-------- MATERIAL FOR THIS TASK --------
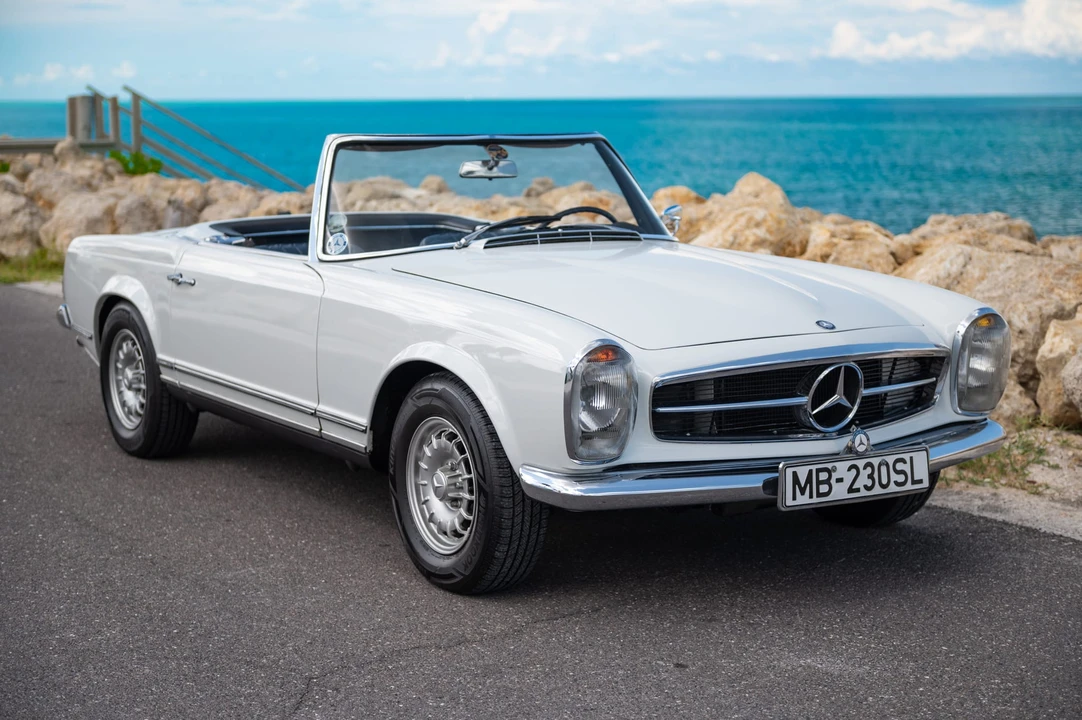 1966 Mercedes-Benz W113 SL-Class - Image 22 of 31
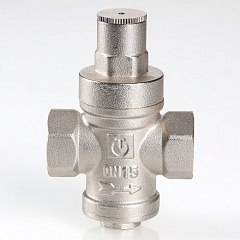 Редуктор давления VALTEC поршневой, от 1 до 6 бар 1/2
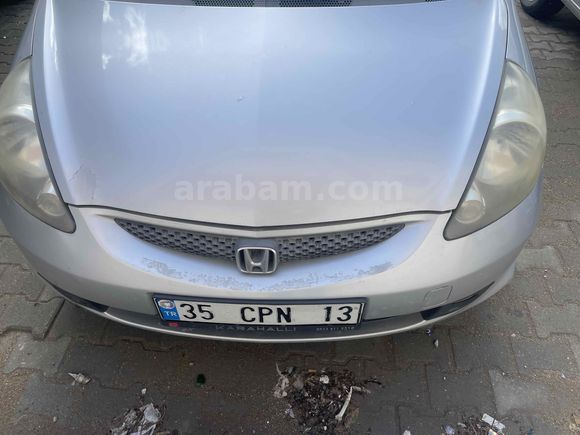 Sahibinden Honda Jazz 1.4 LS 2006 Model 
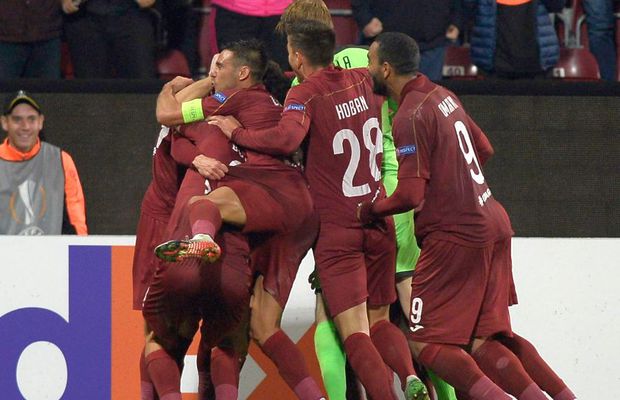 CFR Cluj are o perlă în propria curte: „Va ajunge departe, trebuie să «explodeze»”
--------
-------- MATERIAL FOR THIS TASK --------
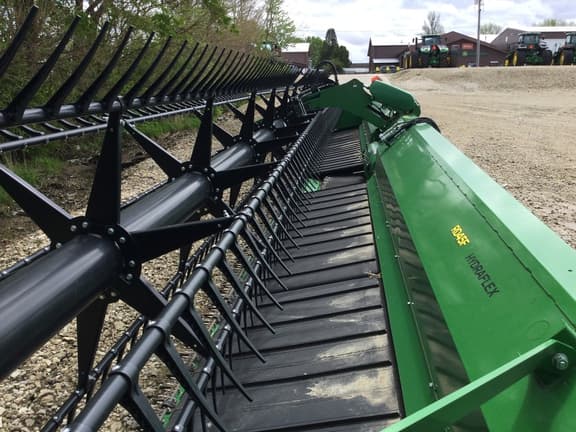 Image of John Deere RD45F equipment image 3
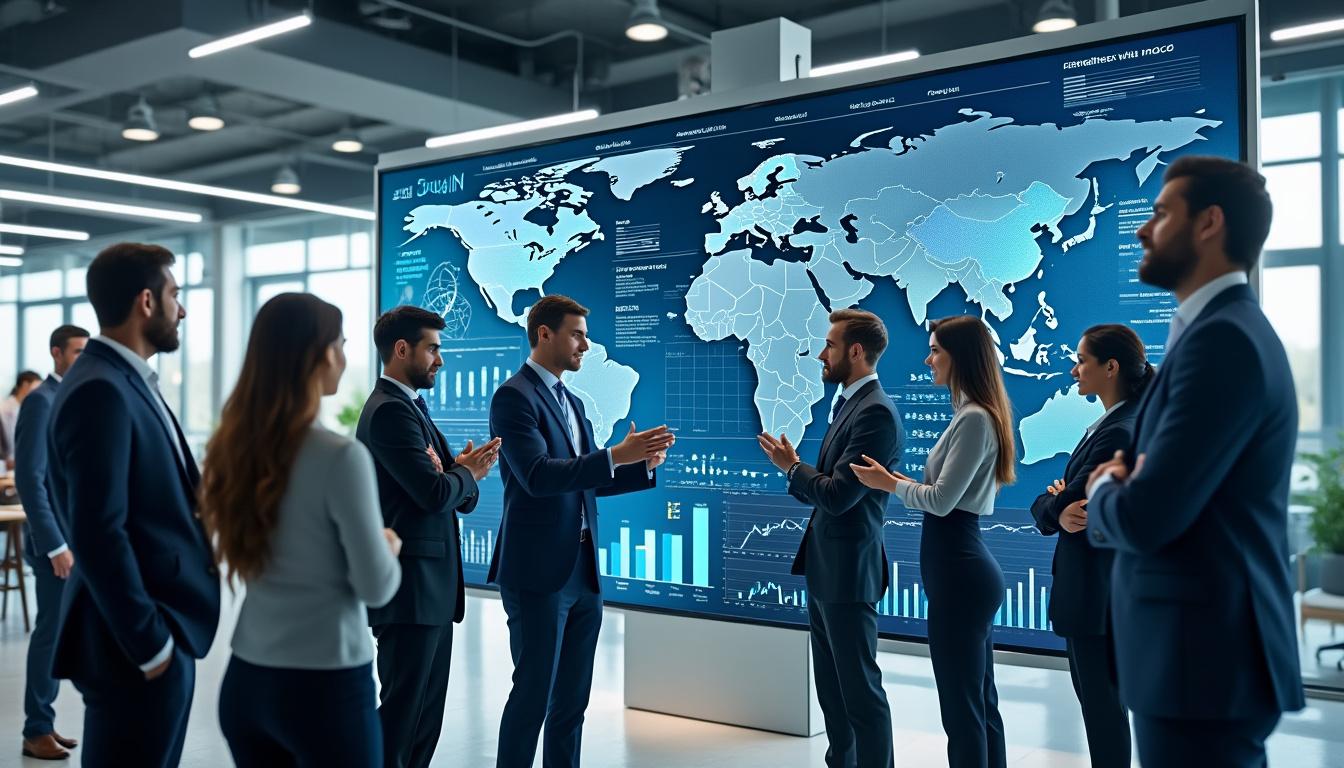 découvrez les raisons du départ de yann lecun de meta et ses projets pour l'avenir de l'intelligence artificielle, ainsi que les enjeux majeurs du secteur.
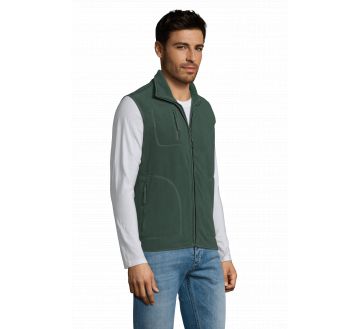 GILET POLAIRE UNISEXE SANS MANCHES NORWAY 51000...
--------
REQUIRED ACTION
Above is the material; set down exactly its lines from the one containing "1966 Mercedes-Benz W113" down to the one containing "CFR Cluj are", both included, leaving out any pictures.

ANSWER TO THE EXERCISE
 1966 Mercedes-Benz W113 SL-Class - Image 22 of 31
 Редуктор давления VALTEC поршневой, от 1 до 6 бар 1/2
 Sahibinden Honda Jazz 1.4 LS 2006 Model 
 CFR Cluj are o perlă în propria curte: „Va ajunge departe, trebuie să «explodeze»”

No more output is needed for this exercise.